**Exercise data:**
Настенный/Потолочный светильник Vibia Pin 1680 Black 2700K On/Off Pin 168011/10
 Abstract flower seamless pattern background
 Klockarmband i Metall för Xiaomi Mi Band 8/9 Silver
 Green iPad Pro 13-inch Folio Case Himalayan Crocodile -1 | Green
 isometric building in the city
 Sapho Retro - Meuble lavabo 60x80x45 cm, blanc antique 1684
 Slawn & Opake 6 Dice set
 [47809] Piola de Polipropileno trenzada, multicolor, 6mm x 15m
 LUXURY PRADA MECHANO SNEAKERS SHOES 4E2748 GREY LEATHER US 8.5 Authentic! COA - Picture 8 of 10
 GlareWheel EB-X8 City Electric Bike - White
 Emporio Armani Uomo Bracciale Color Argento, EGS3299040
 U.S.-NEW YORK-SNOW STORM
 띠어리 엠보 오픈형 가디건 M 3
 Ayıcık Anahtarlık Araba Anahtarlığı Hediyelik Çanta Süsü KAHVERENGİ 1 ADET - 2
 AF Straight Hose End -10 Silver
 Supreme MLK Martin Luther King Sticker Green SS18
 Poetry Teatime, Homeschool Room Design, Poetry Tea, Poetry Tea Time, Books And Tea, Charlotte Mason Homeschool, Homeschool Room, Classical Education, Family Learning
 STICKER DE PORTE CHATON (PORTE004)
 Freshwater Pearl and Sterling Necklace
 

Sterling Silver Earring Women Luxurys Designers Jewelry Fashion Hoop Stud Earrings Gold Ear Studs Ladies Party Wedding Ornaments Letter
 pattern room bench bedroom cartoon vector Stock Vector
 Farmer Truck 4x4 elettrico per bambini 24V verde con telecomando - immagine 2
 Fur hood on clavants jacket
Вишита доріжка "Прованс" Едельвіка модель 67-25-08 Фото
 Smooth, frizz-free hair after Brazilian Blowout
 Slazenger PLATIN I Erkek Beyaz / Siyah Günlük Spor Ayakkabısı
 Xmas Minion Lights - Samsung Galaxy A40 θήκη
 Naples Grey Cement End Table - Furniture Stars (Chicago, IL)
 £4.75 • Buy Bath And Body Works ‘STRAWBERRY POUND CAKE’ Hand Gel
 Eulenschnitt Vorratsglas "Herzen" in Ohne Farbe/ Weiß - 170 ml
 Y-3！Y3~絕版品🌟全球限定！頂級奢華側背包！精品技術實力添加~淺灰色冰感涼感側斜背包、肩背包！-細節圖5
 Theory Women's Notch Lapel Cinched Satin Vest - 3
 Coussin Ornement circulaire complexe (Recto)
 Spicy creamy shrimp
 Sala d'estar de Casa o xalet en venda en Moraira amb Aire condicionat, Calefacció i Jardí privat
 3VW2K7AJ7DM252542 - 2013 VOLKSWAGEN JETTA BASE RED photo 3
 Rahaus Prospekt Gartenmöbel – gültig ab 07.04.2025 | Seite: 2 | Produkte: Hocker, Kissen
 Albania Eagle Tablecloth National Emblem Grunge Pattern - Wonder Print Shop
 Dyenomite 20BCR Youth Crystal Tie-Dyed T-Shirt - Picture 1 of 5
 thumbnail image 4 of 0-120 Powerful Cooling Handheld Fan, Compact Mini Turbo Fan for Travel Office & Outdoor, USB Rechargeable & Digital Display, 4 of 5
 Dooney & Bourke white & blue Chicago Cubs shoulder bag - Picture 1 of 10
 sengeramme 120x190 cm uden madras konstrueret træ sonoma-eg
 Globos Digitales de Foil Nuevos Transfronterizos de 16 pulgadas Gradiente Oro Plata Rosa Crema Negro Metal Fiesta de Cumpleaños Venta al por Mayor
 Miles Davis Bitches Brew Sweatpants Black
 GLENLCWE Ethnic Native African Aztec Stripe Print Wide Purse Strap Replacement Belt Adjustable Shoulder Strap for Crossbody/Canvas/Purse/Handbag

**Task details:** Write out, exactly and with nothing else, the lines of the listing above from its first line through the line with "Spicy creamy shrimp".

**Answer space:**
Настенный/Потолочный светильник Vibia Pin 1680 Black 2700K On/Off Pin 168011/10
 Abstract flower seamless pattern background
 Klockarmband i Metall för Xiaomi Mi Band 8/9 Silver
 Green iPad Pro 13-inch Folio Case Himalayan Crocodile -1 | Green
 isometric building in the city
 Sapho Retro - Meuble lavabo 60x80x45 cm, blanc antique 1684
 Slawn & Opake 6 Dice set
 [47809] Piola de Polipropileno trenzada, multicolor, 6mm x 15m
 LUXURY PRADA MECHANO SNEAKERS SHOES 4E2748 GREY LEATHER US 8.5 Authentic! COA - Picture 8 of 10
 GlareWheel EB-X8 City Electric Bike - White
 Emporio Armani Uomo Bracciale Color Argento, EGS3299040
 U.S.-NEW YORK-SNOW STORM
 띠어리 엠보 오픈형 가디건 M 3
 Ayıcık Anahtarlık Araba Anahtarlığı Hediyelik Çanta Süsü KAHVERENGİ 1 ADET - 2
 AF Straight Hose End -10 Silver
 Supreme MLK Martin Luther King Sticker Green SS18
 Poetry Teatime, Homeschool Room Design, Poetry Tea, Poetry Tea Time, Books And Tea, Charlotte Mason Homeschool, Homeschool Room, Classical Education, Family Learning
 STICKER DE PORTE CHATON (PORTE004)
 Freshwater Pearl and Sterling Necklace
 

Sterling Silver Earring Women Luxurys Designers Jewelry Fashion Hoop Stud Earrings Gold Ear Studs Ladies Party Wedding Ornaments Letter
 pattern room bench bedroom cartoon vector Stock Vector
 Farmer Truck 4x4 elettrico per bambini 24V verde con telecomando - immagine 2
 Fur hood on clavants jacket
Вишита доріжка "Прованс" Едельвіка модель 67-25-08 Фото
 Smooth, frizz-free hair after Brazilian Blowout
 Slazenger PLATIN I Erkek Beyaz / Siyah Günlük Spor Ayakkabısı
 Xmas Minion Lights - Samsung Galaxy A40 θήκη
 Naples Grey Cement End Table - Furniture Stars (Chicago, IL)
 £4.75 • Buy Bath And Body Works ‘STRAWBERRY POUND CAKE’ Hand Gel
 Eulenschnitt Vorratsglas "Herzen" in Ohne Farbe/ Weiß - 170 ml
 Y-3！Y3~絕版品🌟全球限定！頂級奢華側背包！精品技術實力添加~淺灰色冰感涼感側斜背包、肩背包！-細節圖5
 Theory Women's Notch Lapel Cinched Satin Vest - 3
 Coussin Ornement circulaire complexe (Recto)
 Spicy creamy shrimp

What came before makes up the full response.